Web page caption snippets
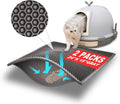 Pieviev Double Layer Cat Litter Mat Traps Scattered Litter 24''x15'' 2 Pack | Waterproof Urine Resistant Layer Litter Box Mat, Easy Collection, Soft on Kitty Paws, Gray Color for Indoor Cats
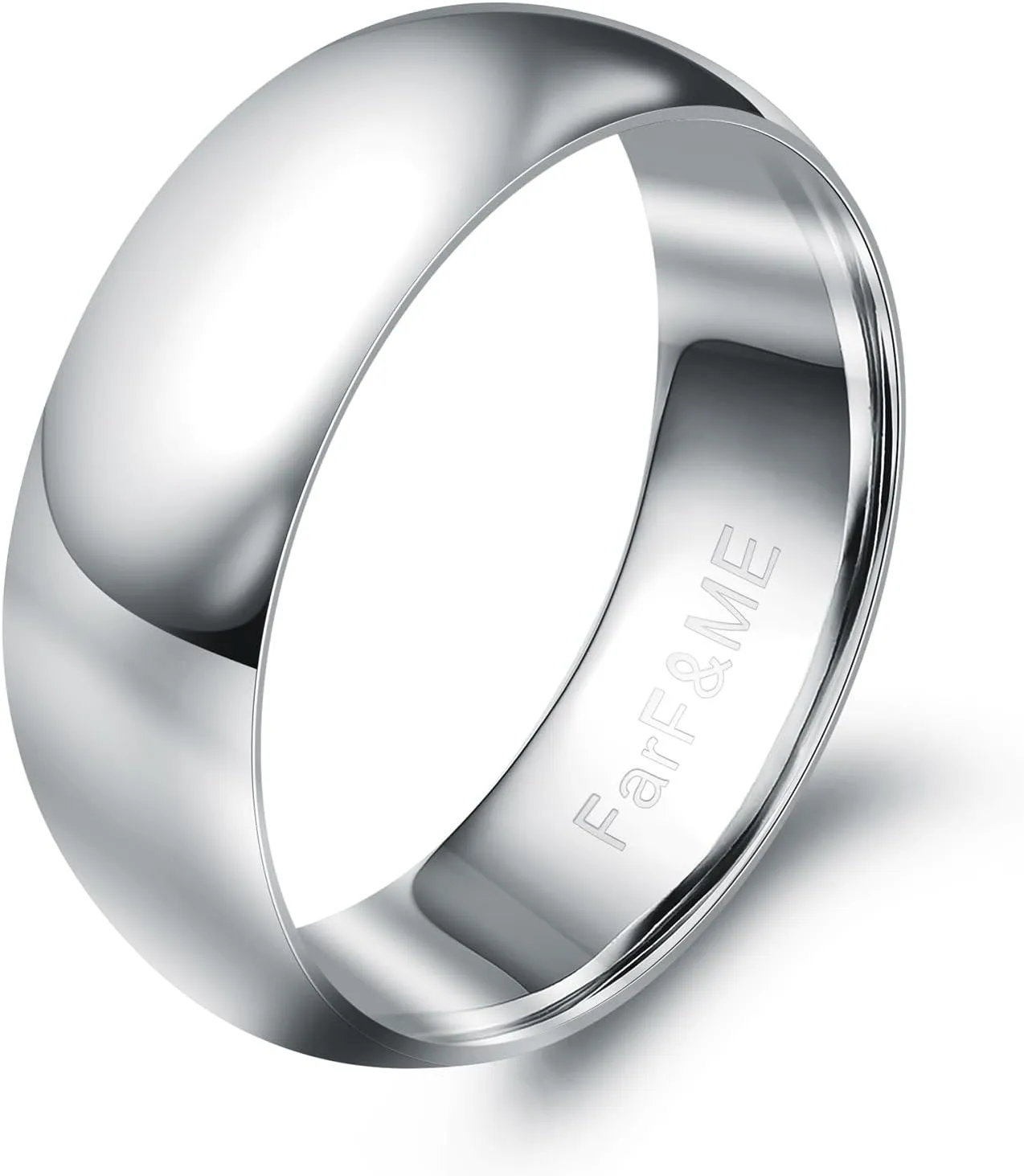 FarF&ME 6mm 8mm Men Ring Dome High Polished Silver/18K Gold Plated Tungsten Couple Ring Engagement Wedding Band Comfort Fit 8-12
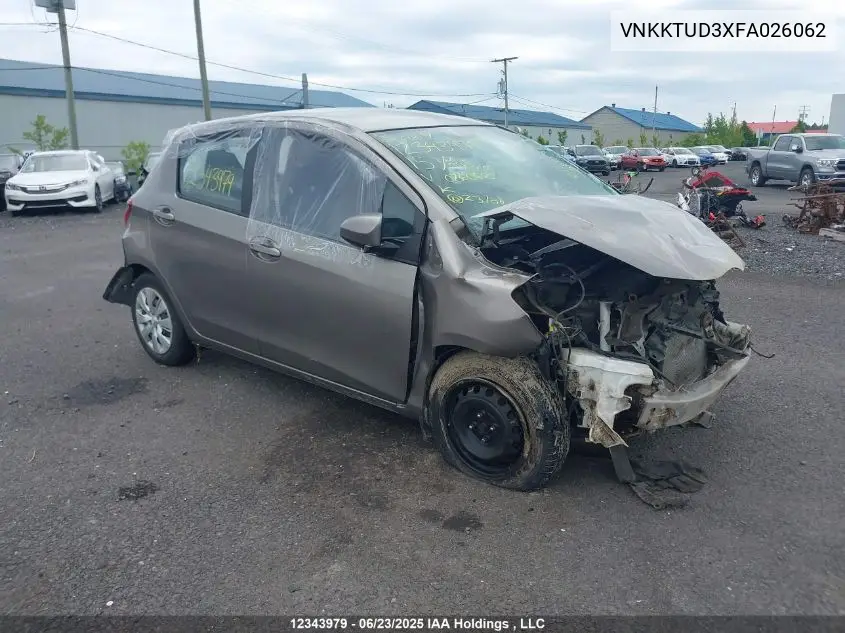 2015 Toyota Yaris Le VIN: VNKKTUD3XFA026062 Lot: 12343979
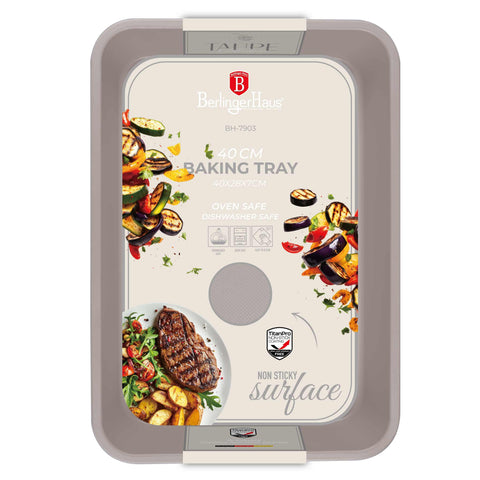 Product image of Oblong roaster 40x28cm. Part of the Taupe Collection . Features: • Material: carbon steel with non-stick titanPro coating • Size: 40*28*7 cm • Color: matt taupe. (Studio view). Official Berlinger Haus product, boosted by Promintra sl.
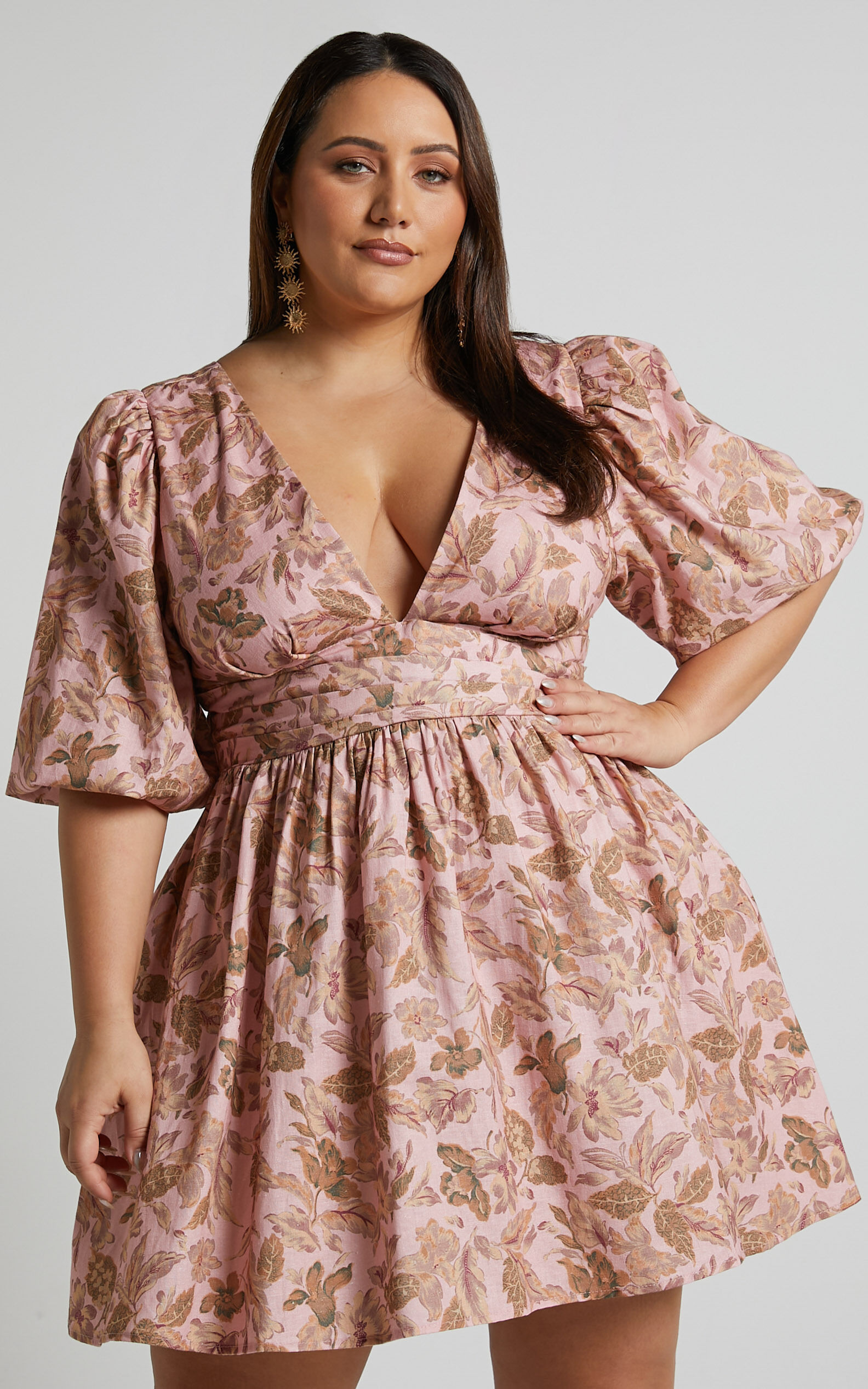 Amalie The Label - Rivinna Linen Blend Pleat Waist Puff Sleeve Mini Dress in Vahala Print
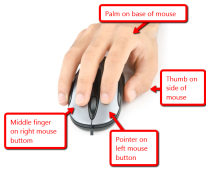 mouse hand position with hand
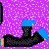 Animated contact sheet showing a pixel-art character with pigtails performing arm movements against a purple background, accompanied by text "Take me to the Floor".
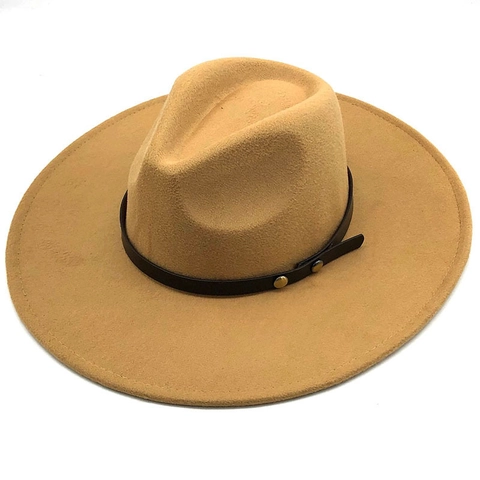 Women Vintage Wide Brim Wool Felt Fedora Hat With Leather Band And Metal Rivets Elegant Jazz Church Hat Unisex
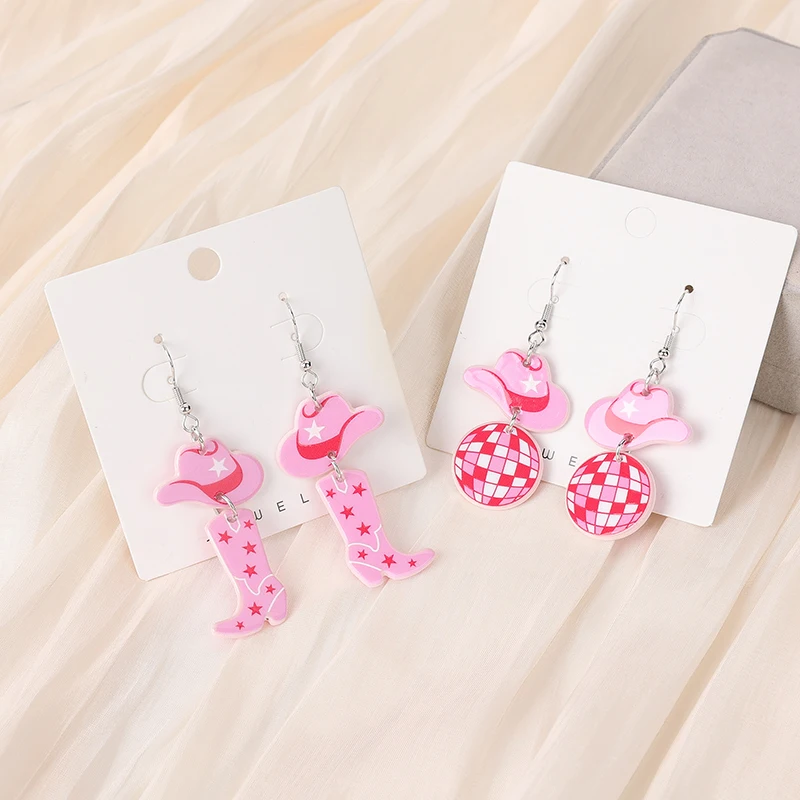 1 Pair Fishon Disco Charms Women Drop Earrings Acrylic Pink Cowboy Hat Boots Jewelry For Festival Birthday Gift Charms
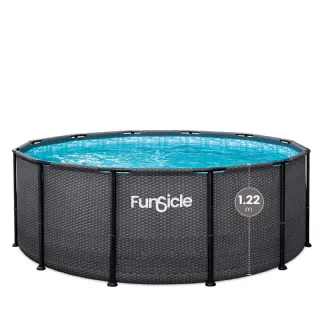 Piscine tubulaire ronde Funsicle noire Ø 3,66m x h1,22m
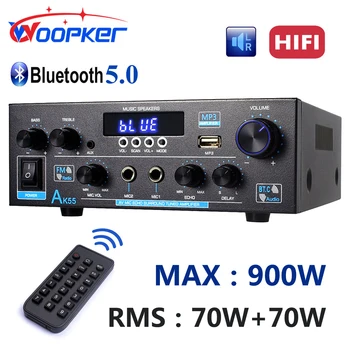 Woopker เครื่องขยายเสียง AK55 MAX 900W 2.0 ช่อง HIFI เครื่องขยายเสียงบลูทูธดิจิตอลรองรับอินพุตไมโครโฟนคู่ RMS70W + 70W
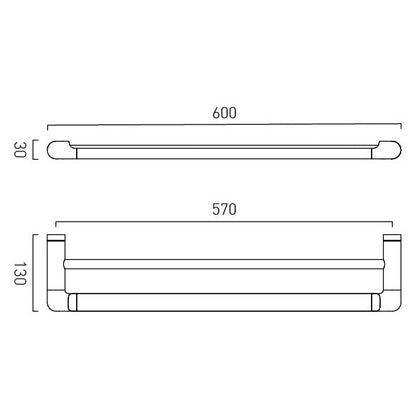 Vado Zoo Double Towel Rail 600mm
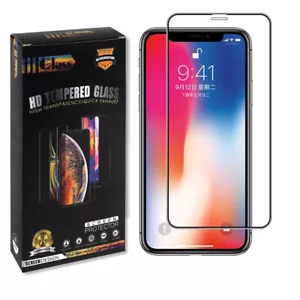 Full Cover Black Border HD Tempered Glass Screen Guard Protector For iPhone - Picture 1 of 6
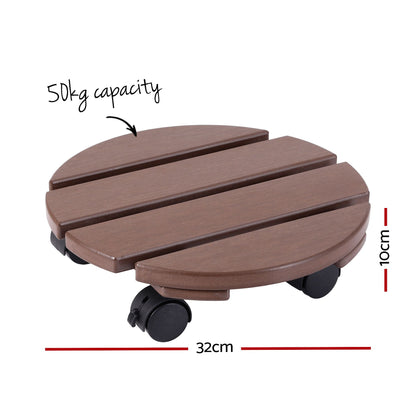 Gardeon 2PC Plant Carts HDPE Plant Caddy With Lockable Wheels Rolling Brown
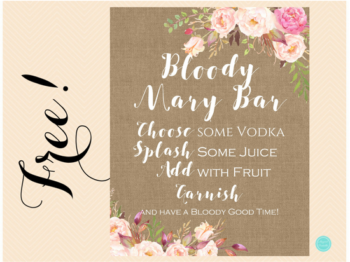 FREE Bloody Mary Bar Sign – Printabell • Express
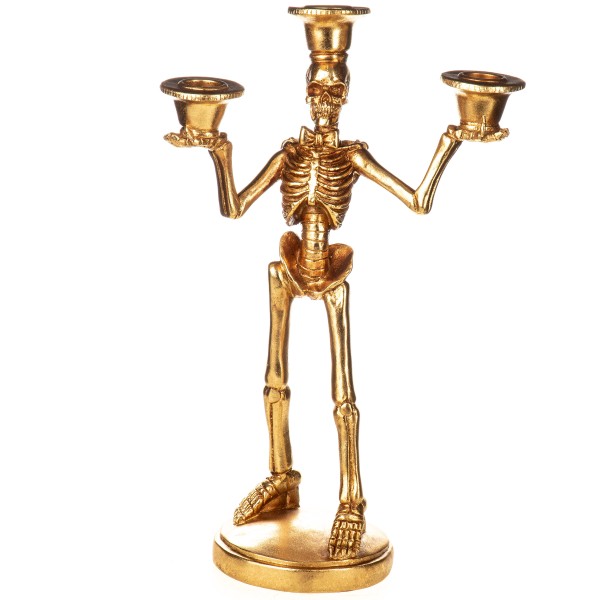 Polyresinfigur Kerzenständer Skelett FP118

> **Exercise prompt**
What is needed is an exact copy of the lines above from the one with "Animated contact sheet" to the one with "1 Pair Fishon", both ends kept, and nothing more; please leave the pictures out.

> **Exercise answer**
 Animated contact sheet showing a pixel-art character with pigtails performing arm movements against a purple background, accompanied by text "Take me to the Floor".
 Women Vintage Wide Brim Wool Felt Fedora Hat With Leather Band And Metal Rivets Elegant Jazz Church Hat Unisex
 1 Pair Fishon Disco Charms Women Drop Earrings Acrylic Pink Cowboy Hat Boots Jewelry For Festival Birthday Gift Charms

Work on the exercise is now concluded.